154 N.J. 217, 712 A.2d 649 (1998)

ENVIRONMENTAL LIABILITY; INSURANCE—Interpretation of environmental coverage provisions of a multistate, multisite insurance policy is to be done on a site by site basis applying the law of the location of each site accordingly.

This case is a companion case to Pfizer, Inc. v. Employers Insurance of Wausau, 154 N.J. 187 (1998) and HM Holdings, Inc. v. Aetna Casualty & Surety Insurance Co., 154 N.J. 208 (1998). This is also a multistate, multisite environmental insurance coverage case. The lower court requested that the parties state their choice of law positions. The insured argued that New Jersey law applied to the issues of late notice and the pollution-exclusion clause, arguing that (a) the insured risk was foreseeably multistate, (b) the insurers did not include choice of law provisions in the policies, and (c) the two substantial sites, representing forty-three percent of the total damage, were in New Jersey. The insurers countered that either the law of the site or, alternatively, the law of New York (where the contracts were entered into) should apply.

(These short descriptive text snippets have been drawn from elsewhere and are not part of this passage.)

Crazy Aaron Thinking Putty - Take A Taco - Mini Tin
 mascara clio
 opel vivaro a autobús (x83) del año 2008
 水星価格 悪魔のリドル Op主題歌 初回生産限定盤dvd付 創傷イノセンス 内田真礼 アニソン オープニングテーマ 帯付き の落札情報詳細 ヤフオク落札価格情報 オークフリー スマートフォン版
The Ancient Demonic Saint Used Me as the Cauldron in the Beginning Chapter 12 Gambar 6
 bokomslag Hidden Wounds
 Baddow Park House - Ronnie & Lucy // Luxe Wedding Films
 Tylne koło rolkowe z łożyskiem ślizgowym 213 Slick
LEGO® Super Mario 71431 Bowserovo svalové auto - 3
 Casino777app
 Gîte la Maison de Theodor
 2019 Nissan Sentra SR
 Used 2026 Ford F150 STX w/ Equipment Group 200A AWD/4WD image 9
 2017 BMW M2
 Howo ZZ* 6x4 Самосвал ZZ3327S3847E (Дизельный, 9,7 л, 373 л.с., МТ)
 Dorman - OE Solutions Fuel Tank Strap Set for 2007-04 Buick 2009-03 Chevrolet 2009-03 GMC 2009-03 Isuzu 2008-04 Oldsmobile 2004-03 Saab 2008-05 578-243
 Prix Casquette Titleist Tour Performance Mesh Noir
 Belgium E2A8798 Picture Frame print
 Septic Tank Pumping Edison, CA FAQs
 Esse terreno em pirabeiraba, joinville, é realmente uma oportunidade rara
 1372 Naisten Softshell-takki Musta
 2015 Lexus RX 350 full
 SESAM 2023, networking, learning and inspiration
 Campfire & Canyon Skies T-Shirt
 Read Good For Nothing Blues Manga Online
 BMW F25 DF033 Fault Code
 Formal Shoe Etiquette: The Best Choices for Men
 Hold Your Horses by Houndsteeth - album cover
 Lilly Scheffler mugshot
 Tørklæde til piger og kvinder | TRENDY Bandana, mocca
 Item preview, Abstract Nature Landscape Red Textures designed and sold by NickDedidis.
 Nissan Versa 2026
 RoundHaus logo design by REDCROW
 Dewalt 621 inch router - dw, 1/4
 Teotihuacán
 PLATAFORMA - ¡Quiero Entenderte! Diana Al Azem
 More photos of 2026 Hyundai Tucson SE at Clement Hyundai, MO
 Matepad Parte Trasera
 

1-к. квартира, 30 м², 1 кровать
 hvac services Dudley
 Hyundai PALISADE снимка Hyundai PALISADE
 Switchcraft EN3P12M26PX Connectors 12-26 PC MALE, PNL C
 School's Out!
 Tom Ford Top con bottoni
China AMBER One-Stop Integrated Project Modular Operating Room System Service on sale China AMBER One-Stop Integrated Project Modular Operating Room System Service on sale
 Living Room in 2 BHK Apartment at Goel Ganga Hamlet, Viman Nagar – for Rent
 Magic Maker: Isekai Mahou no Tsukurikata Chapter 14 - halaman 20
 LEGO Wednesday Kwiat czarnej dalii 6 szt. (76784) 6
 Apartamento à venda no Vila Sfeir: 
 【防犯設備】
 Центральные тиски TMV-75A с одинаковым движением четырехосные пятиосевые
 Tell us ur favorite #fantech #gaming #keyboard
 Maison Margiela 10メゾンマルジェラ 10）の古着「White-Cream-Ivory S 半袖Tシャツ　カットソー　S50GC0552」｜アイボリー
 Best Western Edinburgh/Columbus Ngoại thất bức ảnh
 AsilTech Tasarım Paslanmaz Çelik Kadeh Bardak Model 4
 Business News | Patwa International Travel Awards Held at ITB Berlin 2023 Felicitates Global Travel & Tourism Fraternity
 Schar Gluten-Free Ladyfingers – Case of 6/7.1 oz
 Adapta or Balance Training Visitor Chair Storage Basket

The Court found that the analysis in this case was slightly different from that of Pfizer and HM Holdings because two of the waste sites were located in New Jersey. This meant that the first factor under Section 6 of the Restatement (Second) of Conflicts of Laws, the competing interests of the states, favored New Jersey, at least in so far as the New Jersey sites were involved. The fact that all the New Jersey sites had already been remediated did not end New Jersey’s interest. Application of New York law as to New Jersey sites would frustrate New Jersey law. On the other hand, there was no reasonable expectation that New Jersey law would apply to sites outside of New Jersey. Since there appeared to be no significant administrative difficulty in applying New Jersey law to the New Jersey sites and the law of the waste sites to the non-New Jersey sites, that was the approach to be taken.

With respect to the late-notice provisions, the competing interests of the states and the expectation of the parties also favored application of the law of the waste sites.